AUS DEM NACHLASS Die Akademie der Künste präsentiert erstmals Auszüge aus dem „Berliner Journal“ des Schweizer Schriftstellers Max Frisch. Sie zeigen einen genauen Beobachter von stilistischer Eleganz

Berlin: Gefühl von Vakuum ...

VON LAVINIA MEIER-EWERT

Der schweigend anwesende Dritte ist es häufig, der über Begegnungen die interessantesten Geschichten zu erzählen weiß. In den 29 nun erstmals öffentlich zugänglich gemachten Schreibmaschinenseiten seines „Berliner Journals“, die in der Ausstellung „100 Jahre Max Frisch“ in der Akademie der Künste zu besichtigen sind, ist dieser feine Beobachter der Schriftsteller Max Frisch.

Offizielle Treffen mit DDR-Autoren – „Hackepeter-Gemütlichkeit“ und „viel, viel Respekt für den ausländischen Gast“ – seziert er ebenso wie Abendessen mit Freunden. Wie Frisch etwa die Ehepaare Christa und Gerhard Wolf und Uwe und Elisabeth Johnson charakterisiert, das ist von so treffender Genauigkeit, niemals verurteilend, doch durchaus unbarmherzig, dass nachvollziehbar wird, warum er das Journal für 20 Jahre nach seinem Tod sperren ließ.

„Christa Wolf und ihr Mann sehr offen, locker, wach, differenziert in der Antwort, nicht ausweichend und nicht rechthaberisch, unfanatisch. Als ich dazukomme, hat Uwe schon ziemlich getrunken; Rötung des Kopfes, dann unterbricht er jeden oder hält, wenn der andere spricht, sofort die Hand auf: Wortmeldung. Thema DDR, was sonst.“ Dem nach Westberlin gezogenen Johnson attestiert Frisch: „Er verlangt von den andern ein schlechtes Gewissen ... Elisabeth, obschon lächelnd, sekundiert … eine Art von Heimweh-Hass.“

Obgleich von „unbestreitbarem literarischem und öffentlichem Interesse“, so Stiftungspräsident Peter von Matt, ist der Rat der Max-Frisch-Stiftung übereingekommen, das Journal aus den Jahren 1973–1980 auch nach Ablauf der Sperrfrist 2011 noch nicht zu veröffentlichen. Aus persönlichkeitsrechtlichen Gründen, vor allem wohl in Hinblick auf die Schilderungen der zu Ende gehenden Ehe mit Marianne Oellers. Mit ihr war Frisch 1973 nach Friedenau gezogen.

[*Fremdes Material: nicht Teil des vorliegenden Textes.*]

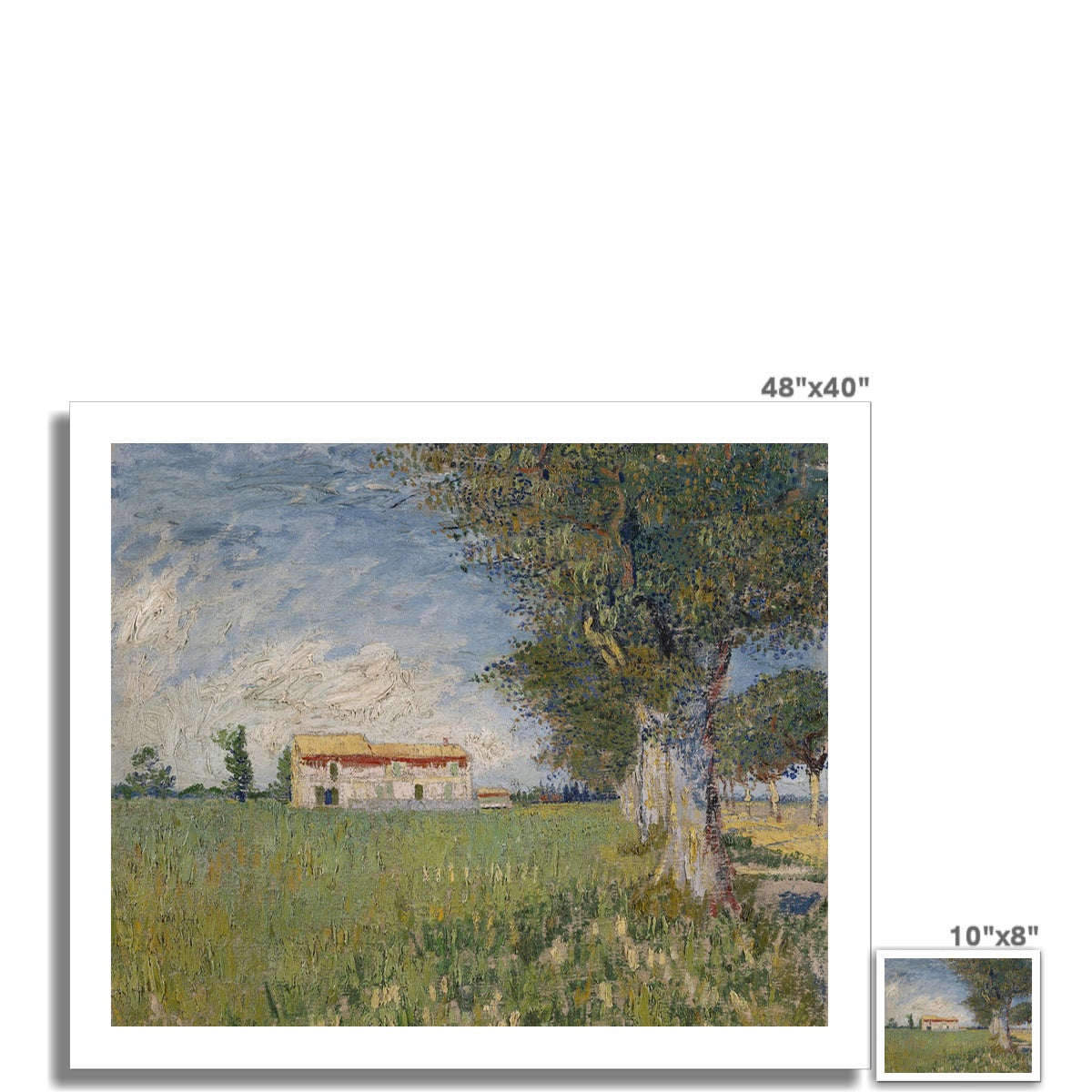 Farmhouse in a wheat field by Vincent van Gogh Fine Art Print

„Man ist wacher als anderswo“, beschreibt der Schweizer den befreienden Effekt der Stadt auf ihn: „Berlin: Gefühl von Vakuum, die weiten Strassen, es ist angenehm mit dem Wagen zu fahren: steigt man aus, um zufuss zu gehen, so hat man überall das Gefühl, hier findet Berlin nicht statt.“

Was es über das Journal hinaus in dieser Literaturausstellung zu lesen gibt, ist überschaubar, Kuratorin Annemarie Hürlimann setzt auf Multimedia. Kaum papierne Originale in Vitrinen, sondern 70 kleine Bildschirme an schwarzen Gelenkarmen, aufgeteilt in 18 Stationen.

Das Zusammenspiel von Form und Inhalt dieser Inszenierung erweist sich als ein äußerst Frisch-gemäßer Zugang zu Frisch. „Ich probiere Geschichten an wie Kleider“, heißt es im Roman „Mein Name sei Gantenbein“. Wie sich Frischs literarische Annäherung an Identität und ihre Erzählbarkeit in seinen Werken poetisch vollzieht, so kann sich hier der Besucher selbst die Identitätsbausteine eines Lebens zusammensetzen.

Max Frisch, der disziplinierte Schreiber, der mit seinem Einfingergetippe auf der Schreibmaschine Ingeborg Bachmann im Nebenzimmer nervte. Der Ordnungsfanatiker, der sein Tagebuch auf buntem Papier schrieb: Gelb für Biografisches, Weiß für Literarisches, Zitate grün.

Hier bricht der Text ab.